Reputation: 302
I'm trying to fill missing values with KNN in python so I wrote this code but it doesn't work . I get this error "ValueError: could not convert string to float: 'normal'" .what should I do?
import pandas as pd
df = pd.read_csv(r'df.csv')
from sklearn.impute import KNNImputer
imputer = KNNImputer(n_neighbors=5)
df = pd.DataFrame(imputer.fit_transform(df),columns = df.columns)
Upvotes: 1
Views: 6997
Reputation: 775
Usually to replace NaN values, we use the sklearn.impute.SimpleImputer
which can replace NaN
values with the value of your choice (mean , median of the sample, or any other value you would like).
from sklearn.impute import SimpleImputer
imp = SimpleImputer(missing_values=np.nan, strategy='mean')
df = imp.fit_transform(df)
Upvotes: 1
Reputation: 122
The KNN method will compute the distance between vectors, so if your data is categorical, you should convert it to numerical. For example, if the string stands labels, you could use one-hot to encode the labels.
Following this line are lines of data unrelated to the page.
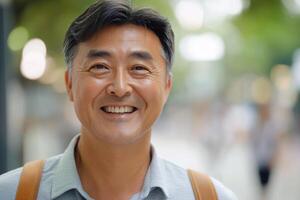 Smiling senior Asian man enjoying a sunny day outdoors in the city center photo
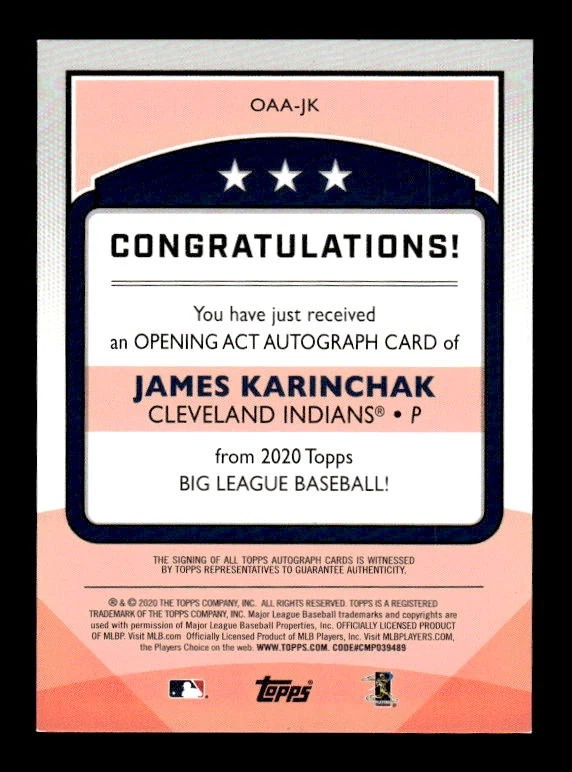 2020 Topps Big League #OAA-JK James Karinchak Opening Act Autographs - Image 2 of 2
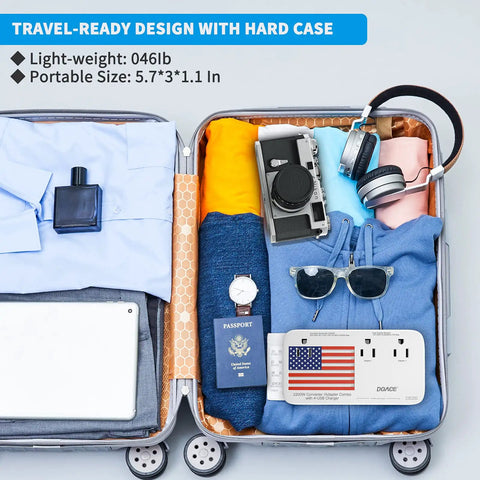 Must Have Ultra Power 2200W 220V to 110V Travel Converter For European Trips with suitcases and travel accessories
There is another python package that implements KNN imputation method: impyte
Upvotes: 0
Reputation: 161
I do not know how your df look like but I guess you might be have to use Ordinal or Label Encoders as KNN imputer does not work with text data.
Here is a guide for you:
https://medium.com/@kyawsawhtoon/a-guide-to-knn-imputation-95e2dc496e
Upvotes: 0